To ask the Secretary of State for Transport if he will visit the site of the second Severn crossing at Caldicot, Gwent.
If the Secretary of State were to visit Caldicot, the people there would quickly remind him that Wales is in a state of deep repression—I mean, depression. They see no sense in imposing tolls on the existing bridge of £2·80 for a motor car, £5·60 for a minibus, and £8·40 for a lorry. Have not the Government given the French-backed consortium a licence to print money?
I am disappointed at the hon. Gentleman's negative attitude to a £300 million-plus investment in a second crossing of the Severn, which will improve enormously communications for the people of Wales.

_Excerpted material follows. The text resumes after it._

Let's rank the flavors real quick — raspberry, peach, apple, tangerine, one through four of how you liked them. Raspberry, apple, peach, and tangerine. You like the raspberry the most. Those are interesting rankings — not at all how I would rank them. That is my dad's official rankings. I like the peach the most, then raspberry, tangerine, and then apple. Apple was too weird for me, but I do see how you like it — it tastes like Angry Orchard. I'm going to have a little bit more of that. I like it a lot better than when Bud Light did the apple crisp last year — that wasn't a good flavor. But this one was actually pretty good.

There is considerable confusion among Labour Members over whether their party supports continued tolling. We heard only last week from Labour's deputy leader that his party would abandon tolling in Scotland. If that policy were applied throughout Britain, as was also said by the right hon. Gentleman, it would cost £1·2 billion—an additional cost to the taxpayer which could only mean less investment in roads. The Opposition's policy is confused—and I do not agree that the people of Wales are repressed.

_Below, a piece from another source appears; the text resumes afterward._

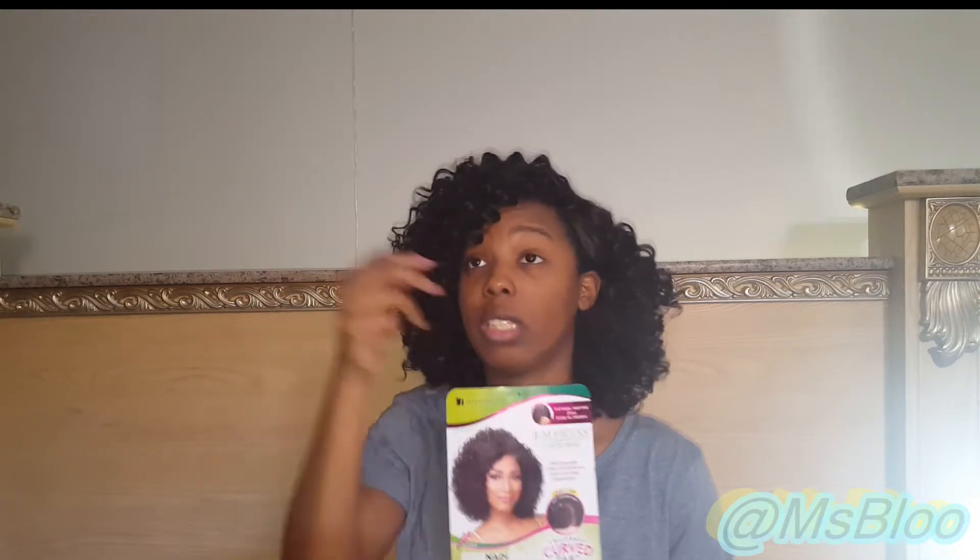Did I customize this wig? Besides fluffing it out a little bit — because obviously when it comes in the package it's very condensed and compressed — I fluffed it out. Then I noticed the bang on the product card is a little longer, and mine is shorter. That's literally all I did to alter this unit: I just cut off like half an inch. I didn't even pull the curls when I cut it; I just left them how they naturally lay and then cut.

Is it not clear that the substantial staged increases in respect of the existing bridge are being imposed simply to provide money for the second, privatised bridge? Did the Welsh Office, because of the enormous blows to the location policy in Wales, bother to make representations against them?
The Government are united in their commitment to improving road communications in Wales. Labour was the first party to introduce the idea of a Severn crossing—and of a tolled crossing, at that. Labour does not have a clear policy on whether it believes in a second and tolled crossing, or wants just one very congested bridge—which would be very bad news for Wales.